Solved – How to perform hypothesis testing for comparing different classifiers

classificationhypothesis testingmachine learningt-test

I am trying to classify a small dataset (around 500 records) into two classes. I used various methods like SVM, Naive Bayes and k-nn classifier. Now, I would like to set the results from one of the classifiers are my baseline and perform a statistical hypothesis testing. I am not much familiar with this field of statistical testing, and I wonder how to proceed on this.

I have been thinking of setting the SVM classifier as my baseline, but I am not sure how to perform a t-test (or similar) on the data. The input dataset has 10 attributes. Should I use the classification results from two classifiers and do a paired t-test on them? For example, I could take the result from Naive Bayes and perform the paired t-test with the SVM results (which is the baseline). Is this the right approach?
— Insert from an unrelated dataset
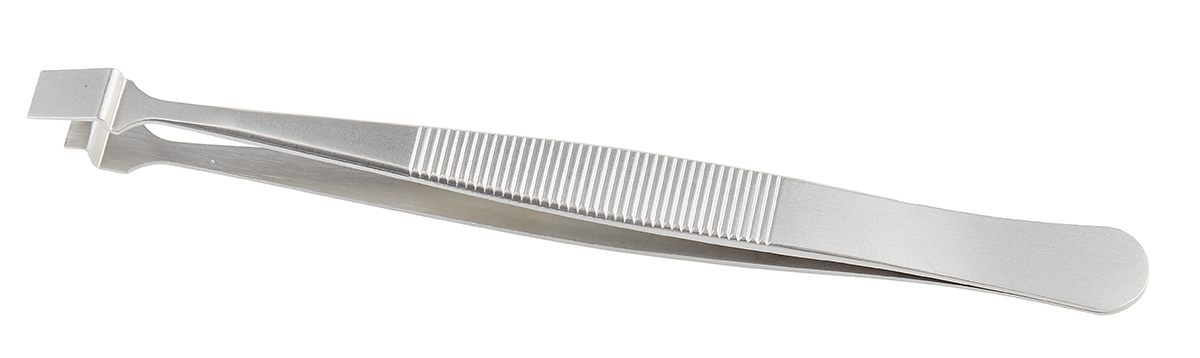 RS PRO 120 mm, Stainless Steel, Wafer, Tweezers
Also, I am confused with the explanation for null and alternate hypothesis. Could someone be willing to give an idea about how to fix the null and alternate hypothesis.

Best Answer

In general layman's terms (and not just for this problem),

  • Null Hypothesis $H_0$: no change or difference (i.e. the classifiers have the same performance, however you define it)
  • Alternative Hypothesis: there is some sort of difference in performance

For your classifier performance comparison problem, I recommend reading Chapter 6 of Japkowicz & Shah, which goes into detail on how to use significance testing to assess the performance of different classifiers. (Other chapters give more background on classifier comparison - sounds like they might interest you too.)

In your case,

  1. to compare 2 classifiers (on a single domain) you may use a matched-pairs t-test where $t=\frac{\bar{d}}{\bar{\sigma}_d / \sqrt{n}}$, where $\bar{d} = \bar{\text{pm}}(f_1) - \bar{\text{pm}}(f_2)$ is the difference of the means of your performance measures (whatever you choose to use) based on applying the two classifiers $f_1$ and $f_2$, $n$ is the number of trials and $\bar{\sigma}_d$ is the sample standard deviation of the mean difference
  2. to compare multiple classifiers (on a single domain) you may use one-way ANOVA (i.e. an F-test) to check whether there is any difference among multiple means (though it cannot tell which are actually different) and then follow up with post-hoc tests, such as Tukey's Honest Significant Difference test to identify which pairs of classifiers exhibit significant differences.

The book goes into far more detail, so I do recommend reading that chapter.

And in terms of baselines, the tests I've mentioned don't distinguish between a baseline and a non-baseline. This is a good thing, as it gives you flexibility to decide which comparisons you should give more importance to in your analysis. The number of tests you actually do determines whether you should rely on 1. or 2. above.